Forse l’aspetto più importante del Gramsci non è, di per sé, la guerra. Forse l’aspetto più importante è il riscatto. Il fatto di aver restituito una dignità e un obiettivo a soldati inviati allo sbaraglio, quindi traditi e successivamente abbandonati. Questo è merito di tanti attori di quella scena, ma soprattutto del Cardinali che seppe ricostruire una formazione militare lì dove c’erano solo uomini impauriti, braccati ed affamati. Capì che quando si combatte per la libertà non esistono Paesi sbagliati, solo parti sbagliate, e riuscì a farlo capire anche ai suoi compagni.
Il battaglione fu quasi annientato a Strelsa, paese vicino a Berat dove poche centinaia di partigiani albanesi ed italiani dovettero affrontare circa 3.000 nazisti. Il Gramsci perse 92 combattenti, ma sarebbe rinato da lì a pochi giorni con altri visi, altre storie, altro dolore. Forse per errore, forse per disperazione, per folle coraggio o per inesperienza nella guerriglia di montagna, Cardinali, pistola in pugno, ordinò un attacco alla colonna tedesca che comandò personalmente. Si alzò in piedi e fece alcuni passi gridando “Forza giovanotti!” in italiano. Il fuoco non gli permise di andare oltre, cadde ordinando “Continuate a combattere!” Il compagno di battaglia James Bonora ordinò che fosse portato via, come racconta nel documentario Maliq del 1991 dell’A.N.P.I Treviso, anche se oramai aveva capito che per lui era finita.
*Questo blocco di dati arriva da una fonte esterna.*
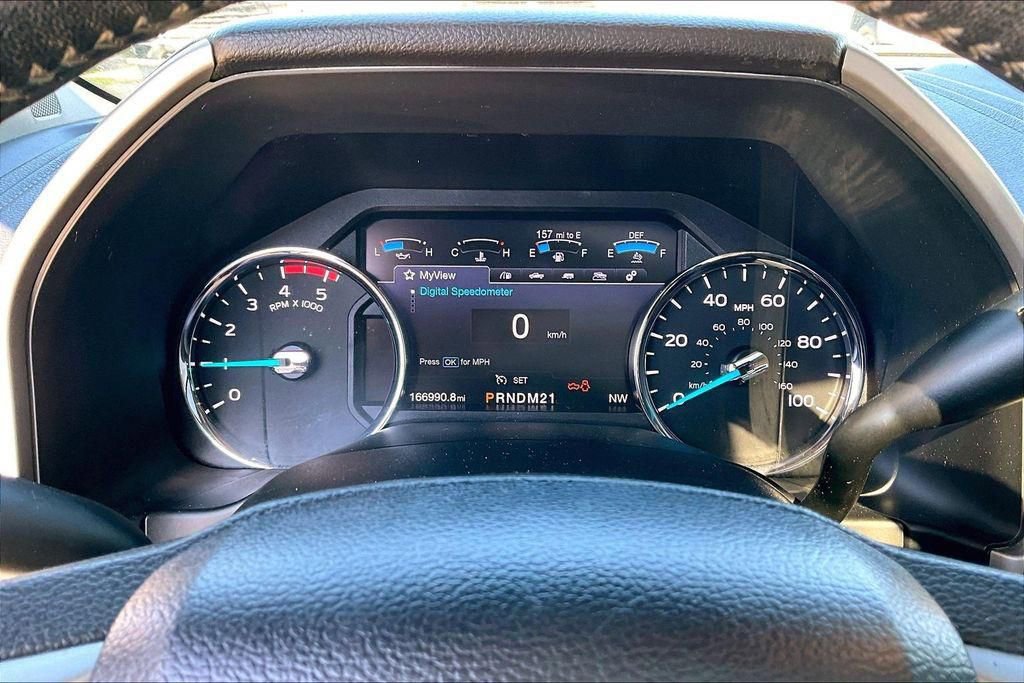 Used 2019 Ford F350 Lariat w/ Lariat Ultimate Package image 21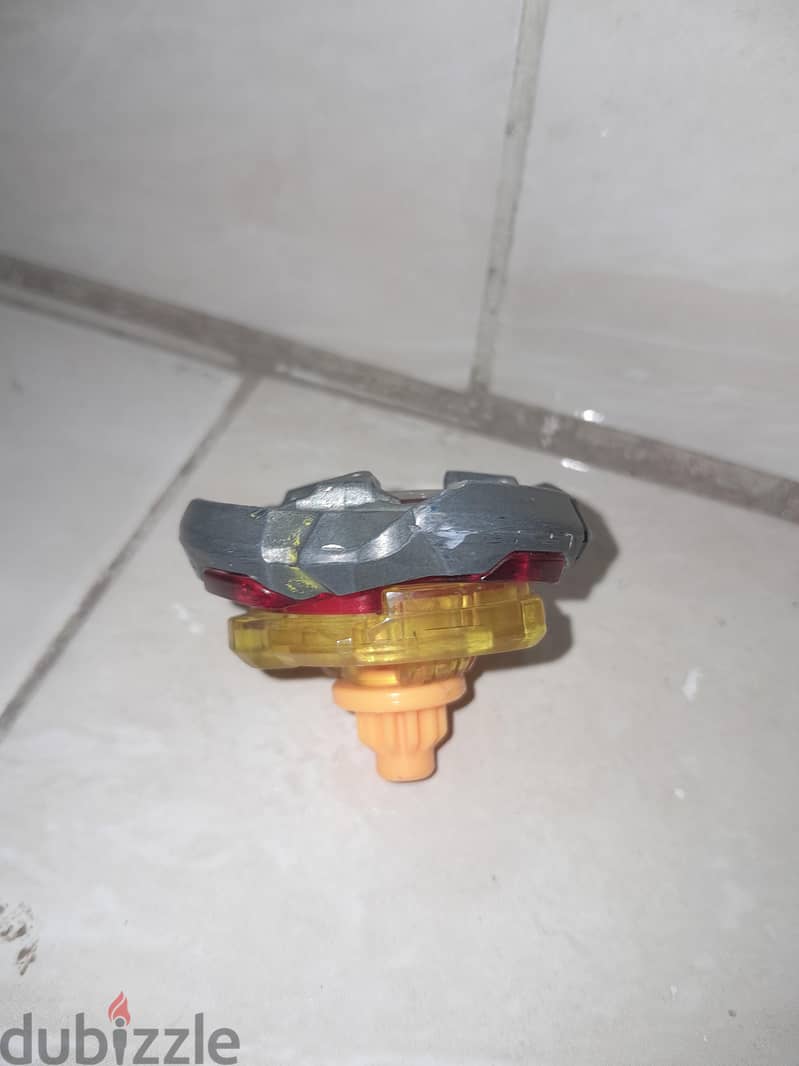 beyblade x 2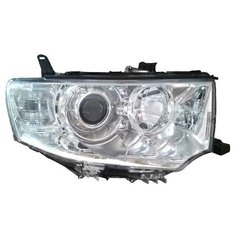 ФАРА ПРАВАЯ ПОД КСЕНОН С КОРРЕКТОРОМ PAJERO SPORT NEW/L200 Sailing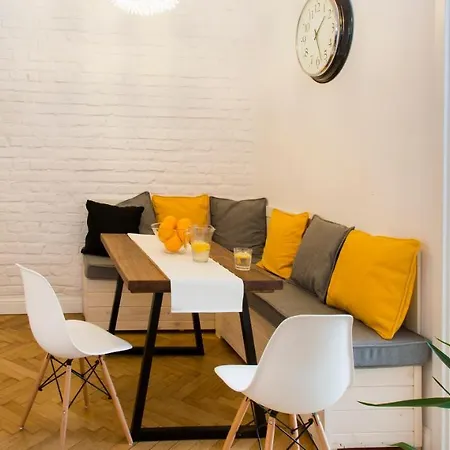 Kurkowa Appartement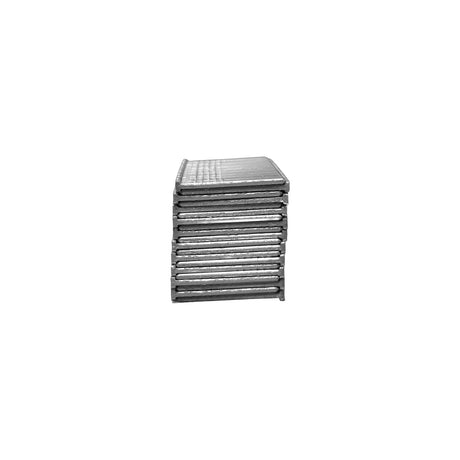 SF16-1 16-Gauge 1" Glue Collated Straight Finish Nails (1000 Count)
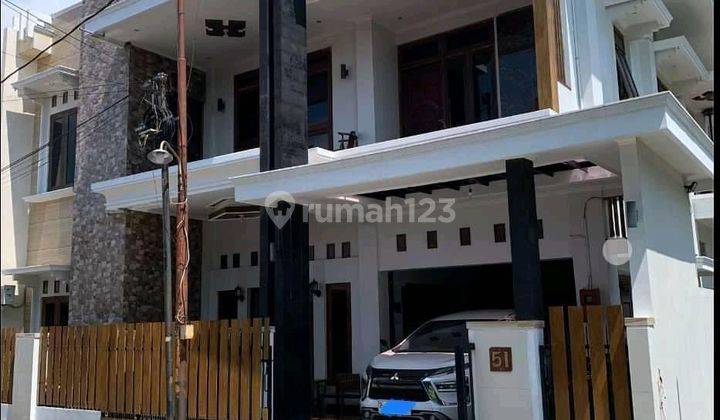 Luxury Home Bagus  Krapyak Semarang Barat  1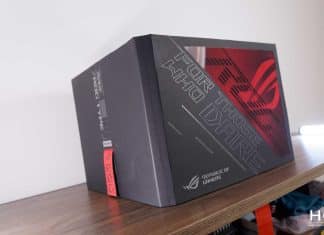 Unboxing : le kit presse Intel Core Ultra 200S en photos !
Ricorda come le foglie dei pini cadevano sugli occhi e il Cardinali aveva gli occhi semichiusi, e quindi ordinò alla barella di fermarsi e prese una borraccia d’acqua…
Non sappiamo cosa sia successo esattamente in seguito perché le sue lacrime scendono fino a soffocare le parole. Cardinali morì poco dopo, morì per liberare la terra che doveva invadere ma per liberare anche un’altra terra, quella oltre il mare: la madrepatria.
Il corpo è stato riportato in Italia, ma a Berat c’è comunque una tomba vuota che gli abitanti hanno fortemente voluto per ricordare il suo sacrificio e la sua battaglia per la libertà di tutti i popoli. Succedeva l’8 luglio 1944 a Berat, Albania.